O que de saída chama atenção nesses poemas é o espírito paradoxal do eu poético na contextualização de sua produção. No momento em que os discursos dos cientistas sociais e dos moralistas rivalizam em apontamentos sobre o exibicionismo, a tolerância e a permissividade de nossa sociedade, no momento em que diplomatas, políticos falam falaciosas proposições de paz, o poeta de Simulacro e de Escuras constrói uma entidade que insiste na presença entre nós da violência, da repressão sexual, da intolerância, da coisificação e confiscação hipócrita das liberdades. Esta instância discursiva reage, ora modestamente ora soberbamente, promovendo em compensação um corpo de desejo por vezes tão escandaloso quanto a covardia e desumanização das forças represessora (eg. Homo eroticus, Poética da almôndega, Três poemas a Eros, Poema erótico, Serpentes, Seios). Pois o corpo de desejo é o motor de várias outras formas de corporeidade. Por exemplo, o corpo de trabalho deve passar por ele, senão trabalhar vira um rolar do rochedo de Sisifo.

Ao que E. Montale (prêmio Nobel italiano, ao lado de Salvatore Q, pela obra poética dispara: “Ninguém escreveria versos se a finalidade da poesia fosse fazer-se entender passivamente” (fosse o pronto entendimento, a emergência do foi isso o que você quis dizer, se a expectativa fosse a compreensão direta, imediata, pontual).”

Deve-se habituar o olhar a essa “obscuridade” que recobre (como pátina linguística) a lírica moderna, que se mantém o mais distante possível da comunicação de conteúdos unívocos, claros, definitivos. A poesia tende a ser um todo autossuficiente. A função poética não é referencial (vide Jakobson).

A propósito da (in) comunicabilidade da poesia, chamo à colação o poeta, tradutor e filósofo kantiano Antonio Cícero (texto que colhi de outro poeta, citando o livro ciceroniano brasileiro Finalidade sem fim.

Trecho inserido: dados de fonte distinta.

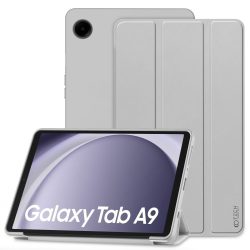   Tech-Protect Smartcase Samsung Galaxy Tab A9 8.7" X110/X115 oldalra nyíló smart tok, szürke
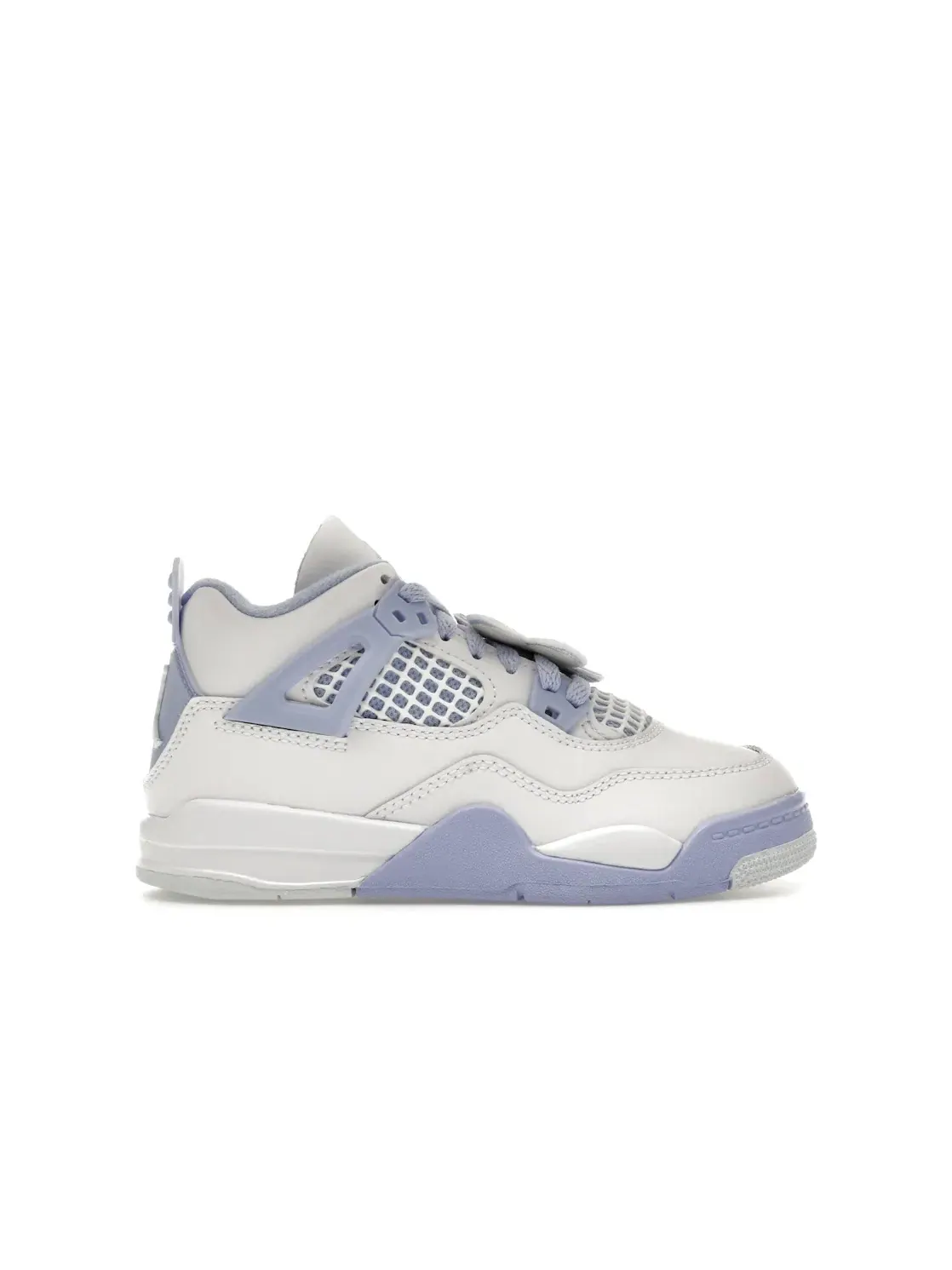 Детские кроссовки с принтом Jordan 4 Retro Forget Me Not Jordan — изображение 1 из 4, белый//синий/зеленый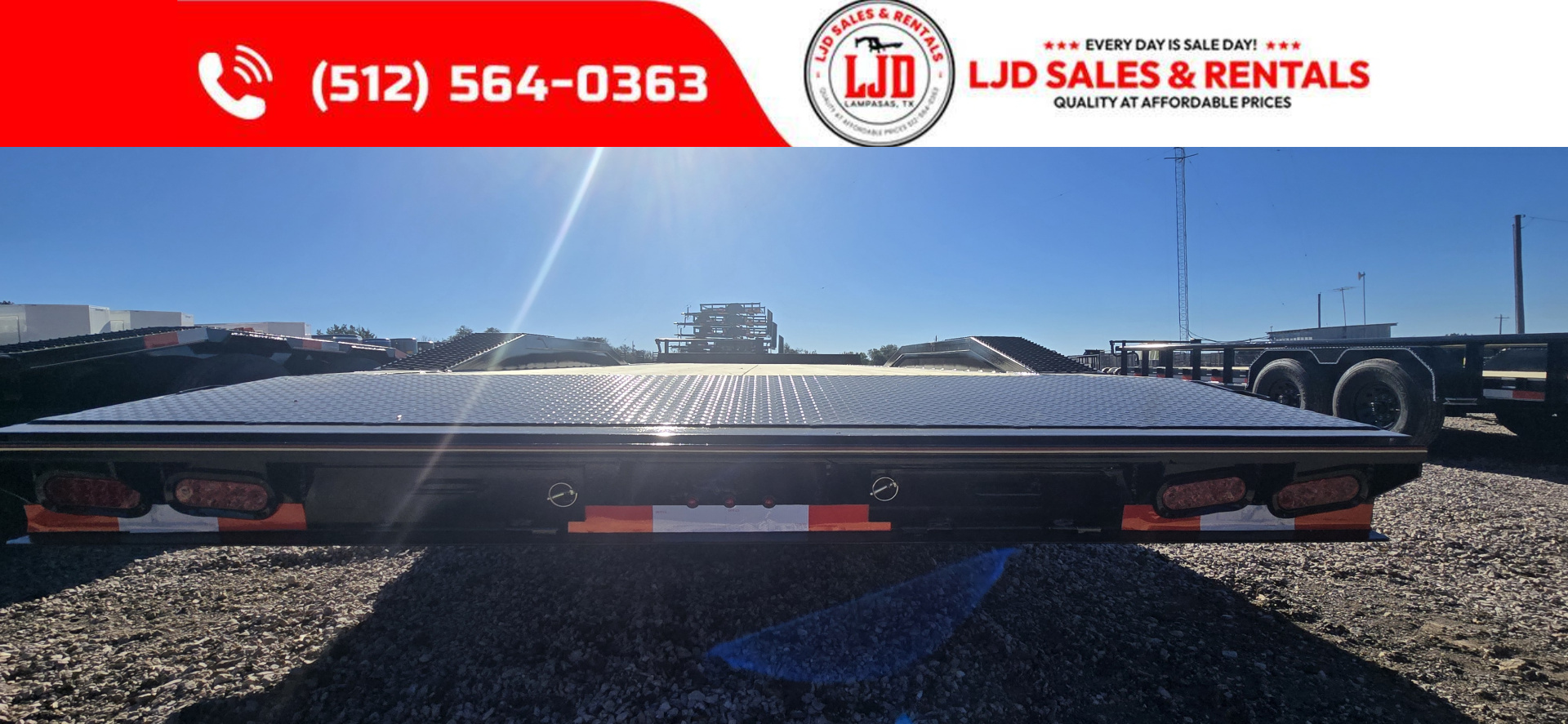 New 2026 Triple R - Drive Over Fender - 102" x 22' - Equipment Trailer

 “O filósofo Theodor Adorno aceita a incomunicabilidade – logo a opacidade, a obscuridade, o silêncio – da poesia moderna, na condição de resistência à reificação de responsabilidade da indústria cultural, que hoje, segundo ela, desfigura o discurso pretensamente comunicativo”. Ela exige a facilidade, clareza contratual entre o poeta e o mundo (o facilitário enfim).

Toda comunicação moderna (midiática, científica, empresarial, publicitária, política – só não humorista, (de agora aqui) é deformadora, artificiosa (no sentido ulíssico da palavra), em suma, alienadora – e perigosa. Visa resultado imediato, ganho individual, derrota do outro (às vezes sempre objeto da comunicação), extração de mais valia psicológica, doação, despersonalização.

Cabe à poesia velá-la, extrair dessa capa, desse pó, a realidade crucial. Ser incomunicável é progredir contra essa horda da comunicação fácil (mesclada de terminologias crípticas para dar o tom arcano necessário).

Ainda, A. Cícero: “O já citado McCaffrey diz que a poesia precisa livrar-se da referência porque esta é o suporte estrutural tanto da literariedade quanto da economia capitalista”.

O referente é o produto, a superfície.